━━━ EXTRACTED DATA ━━━
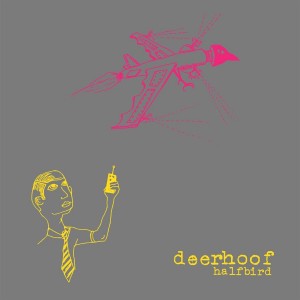 Deerhoof - Halfbird (Pink & Yellow Vinyl)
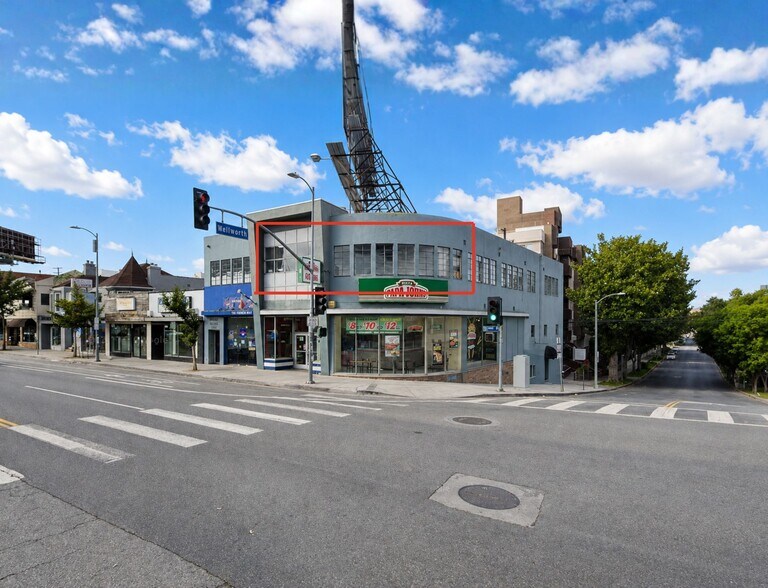 1301-1307 Westwood Blvd, Los Angeles, CA à louer - Photo de l’immeuble – Image 1 sur 8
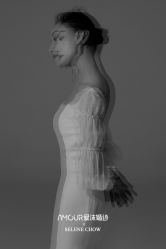 -AMOUR·爱沫婚纱礼服·小众设计品牌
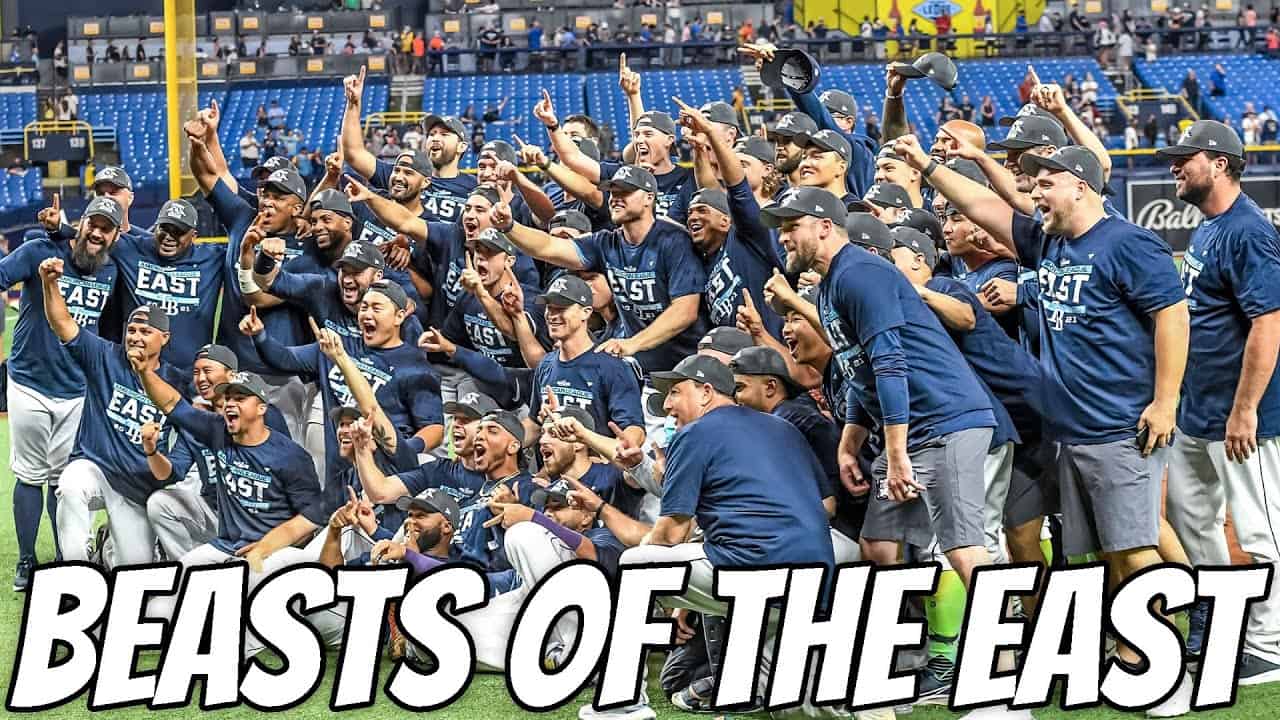 Even Without Their Best 2 Pitchers, the Rays are Still the Best Team in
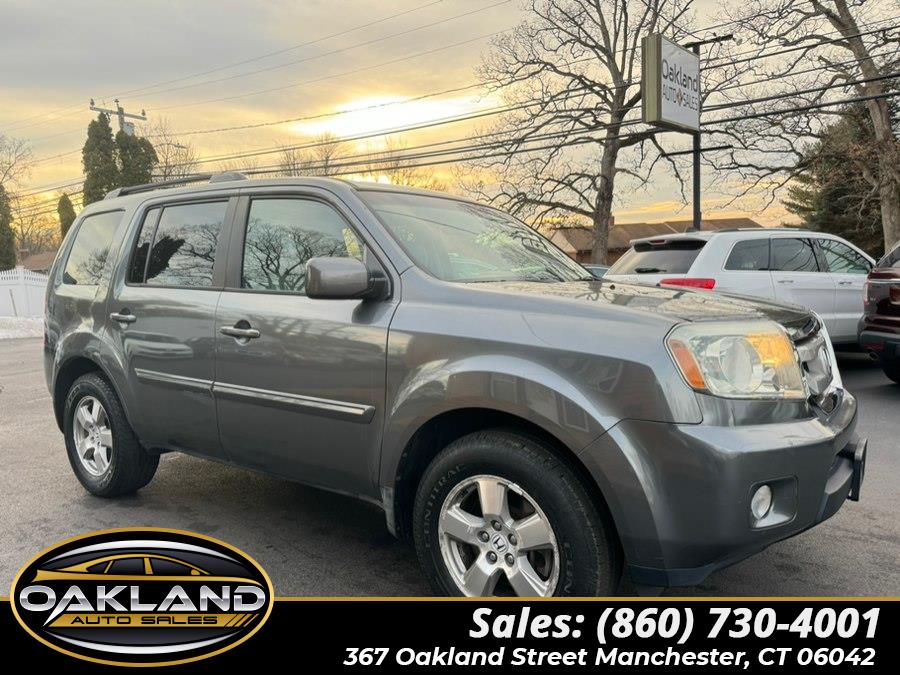2011 Honda Pilot EX-L's photo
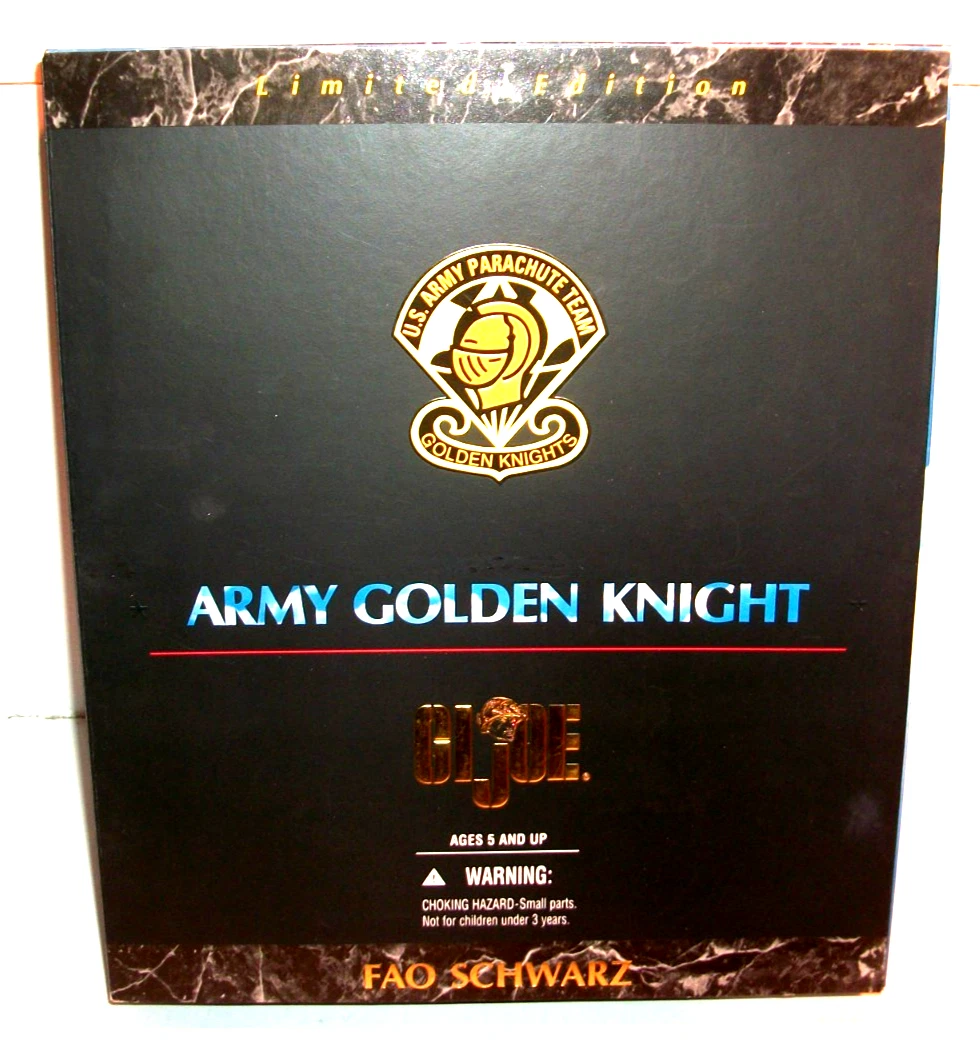 Knight G.I. Joe Military & Adventure 1:6 Action Figures for sale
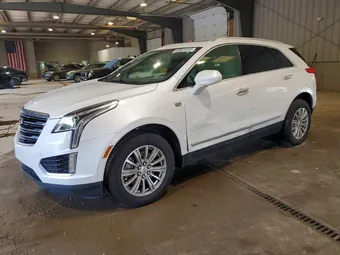 2018 Cadillac XT5 1GYKNDRS0JZ165821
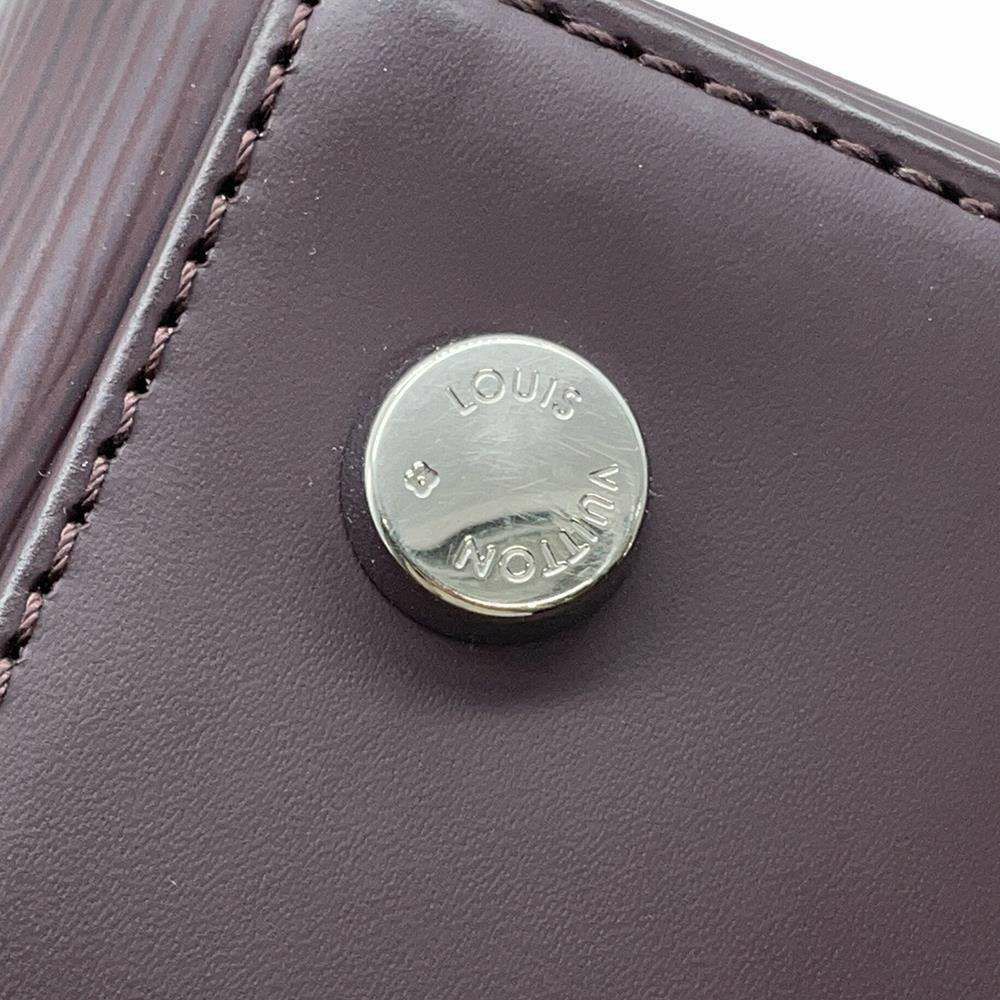 ルイヴィトン ハンドバッグ エピ プレアMM ケッチュ M40965 LOUIS VUITTON ヴィトン バッグ ショルダーバッグ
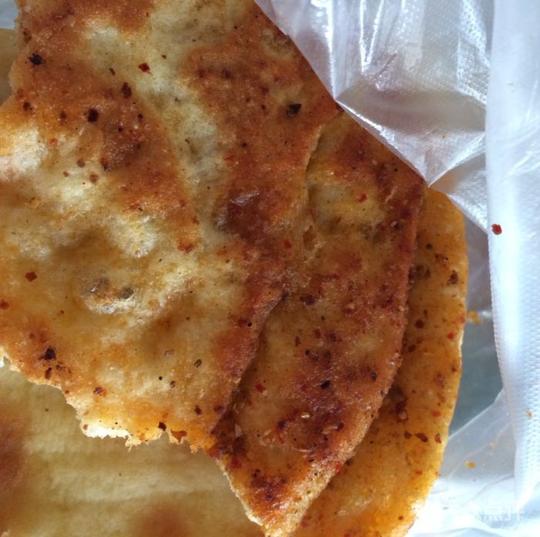 晨光烧饼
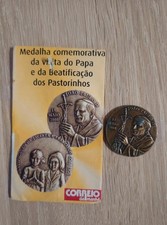 Médaille jean paul d'occasion  Lourdes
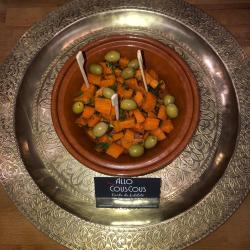 Allo Couscous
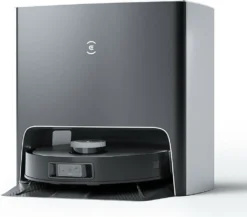 ECOVACS DEEBOT X1 TURBO Staubsauger 5000Pa Saugroboter YIKO EU APP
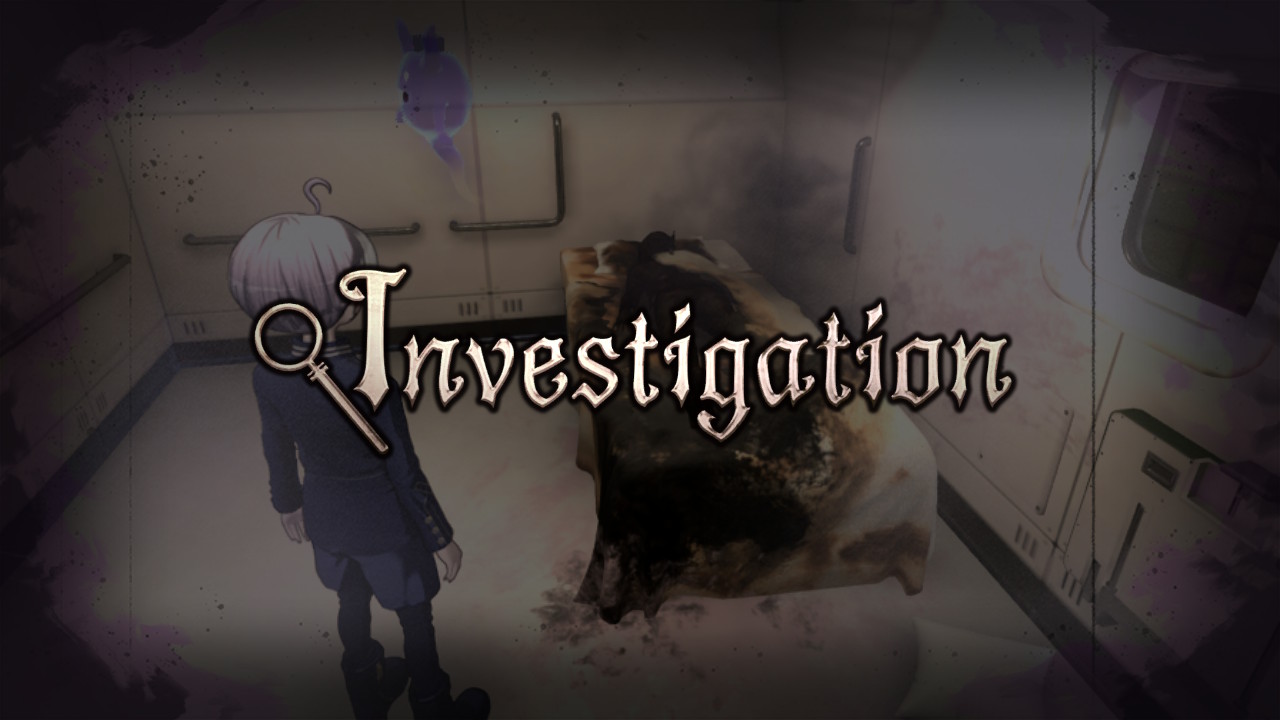 Master Detective Archives: Rain Code
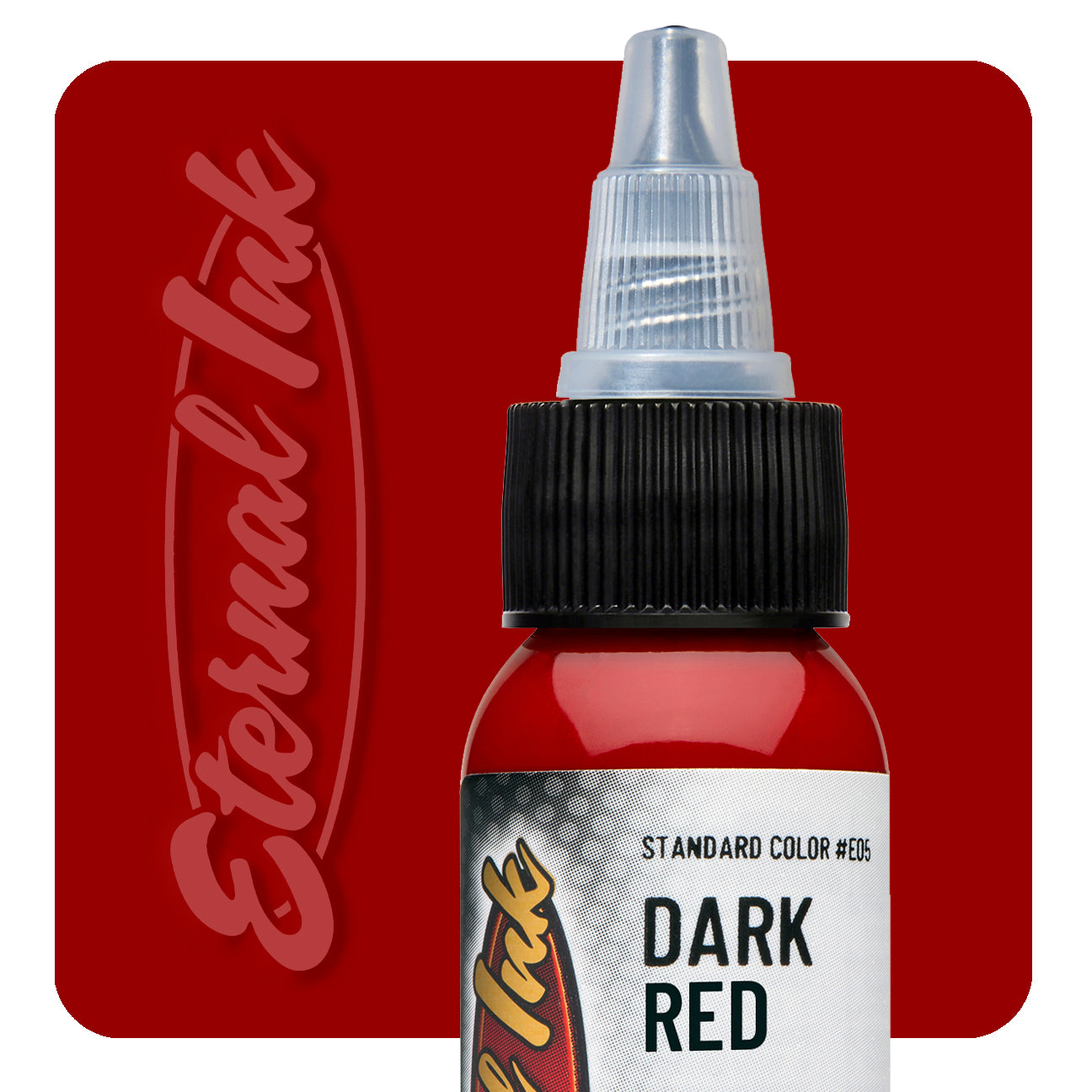 Eternal Dark Red Ink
━━━
Set down all the data again exactly as above, pictures excluded.

 Deerhoof - Halfbird (Pink & Yellow Vinyl)
 1301-1307 Westwood Blvd, Los Angeles, CA à louer - Photo de l’immeuble – Image 1 sur 8
 -AMOUR·爱沫婚纱礼服·小众设计品牌
 Even Without Their Best 2 Pitchers, the Rays are Still the Best Team in
2011 Honda Pilot EX-L's photo
 Knight G.I. Joe Military & Adventure 1:6 Action Figures for sale
 2018 Cadillac XT5 1GYKNDRS0JZ165821
 ルイヴィトン ハンドバッグ エピ プレアMM ケッチュ M40965 LOUIS VUITTON ヴィトン バッグ ショルダーバッグ
 晨光烧饼
 Médaille jean paul d'occasion  Lourdes
 Allo Couscous
 ECOVACS DEEBOT X1 TURBO Staubsauger 5000Pa Saugroboter YIKO EU APP
 Master Detective Archives: Rain Code
 Eternal Dark Red Ink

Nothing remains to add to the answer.